(THE RECORDS begins)

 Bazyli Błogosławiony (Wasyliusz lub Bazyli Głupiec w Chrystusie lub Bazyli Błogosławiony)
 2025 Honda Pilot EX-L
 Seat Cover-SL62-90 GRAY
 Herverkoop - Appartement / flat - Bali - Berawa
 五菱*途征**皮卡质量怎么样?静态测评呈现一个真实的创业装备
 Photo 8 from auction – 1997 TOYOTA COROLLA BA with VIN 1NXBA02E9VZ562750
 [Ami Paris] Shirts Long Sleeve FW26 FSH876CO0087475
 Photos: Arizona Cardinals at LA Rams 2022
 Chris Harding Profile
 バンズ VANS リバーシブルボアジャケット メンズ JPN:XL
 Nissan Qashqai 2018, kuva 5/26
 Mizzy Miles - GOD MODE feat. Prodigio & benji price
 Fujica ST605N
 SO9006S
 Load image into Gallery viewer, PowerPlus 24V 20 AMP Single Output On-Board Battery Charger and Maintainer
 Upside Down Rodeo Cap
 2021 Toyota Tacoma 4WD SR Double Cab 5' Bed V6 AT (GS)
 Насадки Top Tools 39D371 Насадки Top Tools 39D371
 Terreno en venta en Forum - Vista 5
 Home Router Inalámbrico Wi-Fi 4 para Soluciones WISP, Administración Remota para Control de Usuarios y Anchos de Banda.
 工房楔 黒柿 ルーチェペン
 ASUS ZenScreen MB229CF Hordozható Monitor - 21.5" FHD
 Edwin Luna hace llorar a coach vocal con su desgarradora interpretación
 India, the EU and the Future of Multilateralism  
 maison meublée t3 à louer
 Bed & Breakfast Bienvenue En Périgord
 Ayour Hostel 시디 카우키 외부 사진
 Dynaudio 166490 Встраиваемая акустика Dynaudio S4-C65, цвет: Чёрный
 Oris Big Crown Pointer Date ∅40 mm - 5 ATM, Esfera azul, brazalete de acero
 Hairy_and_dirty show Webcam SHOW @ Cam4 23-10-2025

(THE RECORDS ends)

▶ WORK ITEM
Each record must appear again, word for word.

▶ RESPONSE AREA
 Bazyli Błogosławiony (Wasyliusz lub Bazyli Głupiec w Chrystusie lub Bazyli Błogosławiony)
 2025 Honda Pilot EX-L
 Seat Cover-SL62-90 GRAY
 Herverkoop - Appartement / flat - Bali - Berawa
 五菱*途征**皮卡质量怎么样?静态测评呈现一个真实的创业装备
 Photo 8 from auction – 1997 TOYOTA COROLLA BA with VIN 1NXBA02E9VZ562750
 [Ami Paris] Shirts Long Sleeve FW26 FSH876CO0087475
 Photos: Arizona Cardinals at LA Rams 2022
 Chris Harding Profile
 バンズ VANS リバーシブルボアジャケット メンズ JPN:XL
 Nissan Qashqai 2018, kuva 5/26
 Mizzy Miles - GOD MODE feat. Prodigio & benji price
 Fujica ST605N
 SO9006S
 Load image into Gallery viewer, PowerPlus 24V 20 AMP Single Output On-Board Battery Charger and Maintainer
 Upside Down Rodeo Cap
 2021 Toyota Tacoma 4WD SR Double Cab 5' Bed V6 AT (GS)
 Насадки Top Tools 39D371 Насадки Top Tools 39D371
 Terreno en venta en Forum - Vista 5
 Home Router Inalámbrico Wi-Fi 4 para Soluciones WISP, Administración Remota para Control de Usuarios y Anchos de Banda.
 工房楔 黒柿 ルーチェペン
 ASUS ZenScreen MB229CF Hordozható Monitor - 21.5" FHD
 Edwin Luna hace llorar a coach vocal con su desgarradora interpretación
 India, the EU and the Future of Multilateralism  
 maison meublée t3 à louer
 Bed & Breakfast Bienvenue En Périgord
 Ayour Hostel 시디 카우키 외부 사진
 Dynaudio 166490 Встраиваемая акустика Dynaudio S4-C65, цвет: Чёрный
 Oris Big Crown Pointer Date ∅40 mm - 5 ATM, Esfera azul, brazalete de acero
 Hairy_and_dirty show Webcam SHOW @ Cam4 23-10-2025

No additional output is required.